Question on Creativity and Backpacker Post 8: San Francisco, California

  I want to start this post in a somewhat different way to my others due to an interesting encounter. When we first arrived in San Francisco we intended to spend our first night with a guy that was a friend of someone Rob had met in a hostel over on the Appalachian Trail. His name was Rumple Stiltskin. He legally changed his name to this but now really only goes by Rumple. Rumple is a hippie who lives on a boat. Even though technically Rumple lives in Sausalito and not San Francisco he is a part of a large generation of followers of the rich hippie culture that San Francisco is well known for.
  Rumple liked to "jam". This is not a new concept to me, I've lived with many musicians and music enthusiasts (and count myself amongst them!) but I'm not the most spontaneous of people so it takes me a while to get into "jams". Rumple played many instruments on his boat and sang in a tribal way and painted in a way that he described as "I just want to be free man." (When asked free from what he couldn't really say...) Rob is a musician and when they jammed Rumple attempted to get me to join in by telling me that the constraints I put on myself were "crippling my creativity", I tried but it just wasn't my thing! I'm simply not the kind of person to come up with a beat and start singing random lyrics in the space of a few seconds. 

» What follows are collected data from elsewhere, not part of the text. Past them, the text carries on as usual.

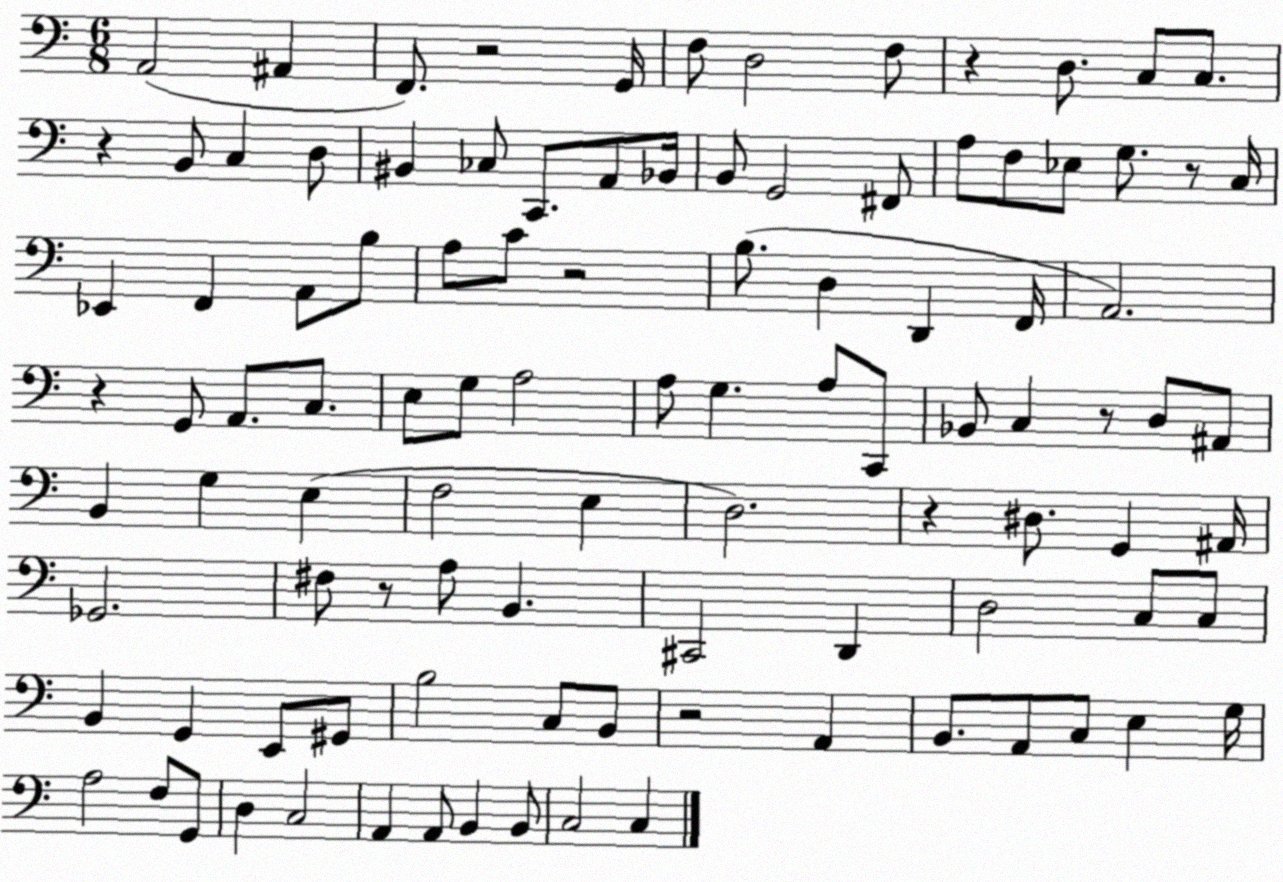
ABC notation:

X:1
T:Untitled
M:6/8
L:1/4
K:C
A,,2 ^A,, F,,/2 z2 G,,/4 F,/2 D,2 F,/2 z D,/2 C,/2 C,/2 z B,,/2 C, D,/2 ^B,, _C,/2 C,,/2 A,,/2 _B,,/4 B,,/2 G,,2 ^F,,/2 A,/2 F,/2 _E,/2 G,/2 z/2 C,/4 _E,, F,, A,,/2 B,/2 A,/2 C/2 z2 B,/2 D, D,, F,,/4 A,,2 z G,,/2 A,,/2 C,/2 E,/2 G,/2 A,2 A,/2 G, A,/2 C,,/2 _B,,/2 C, z/2 D,/2 ^A,,/2 B,, G, E, F,2 E, D,2 z ^D,/2 G,, ^A,,/4 _G,,2 ^F,/2 z/2 A,/2 B,, ^C,,2 D,, D,2 C,/2 C,/2 B,, G,, E,,/2 ^G,,/2 B,2 C,/2 B,,/2 z2 A,, B,,/2 A,,/2 C,/2 E, G,/4 A,2 F,/2 G,,/2 D, C,2 A,, A,,/2 B,, B,,/2 C,2 C,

Rumple then told me I am "crippled creatively".
Needless to say this rather upset me!  I'm sure there are many creative people that work in a spontaneous way, but to say to an artist that the way they work is creatively flawed I think is a big problem indeed. Incredibly beautiful works of art and design come from structure, planning, working with constraints and roughs as well as from spontaneous putting pen to paper or stone or whatever medium and working in an immediate unstructured way. In my opinion an artist/designer's way of "being creative" is a very personal thing indeed.

But am I wrong? do you think that one is indeed better than the other? I'd like to hear what you think and how you work in the comments or if you'd like send me an email (

Anyway, San Francisco. It's a hell of a place and 5 days simply wasn't long enough. We had an incredible host for the rest of our stay. A Grateful Deadhead, ex political science teacher from Berkeley. An incredibly nice interesting guy called Mike. He took us out to Santa Cruz to see the old beach town and little hidden hydrangea covered villages on the way, to Oakland to see an amazing collection of 1960s protest posters and a wonderful couple of exhibitions, one on Dan Clowes and one on a seminal year in the 1960s. He had a real passion for San Francisco and its history, and I totally fell for its beautiful quirky buildings, hidden views of the Golden Gate bridge and the laid back California vibe I'd been waiting to feel!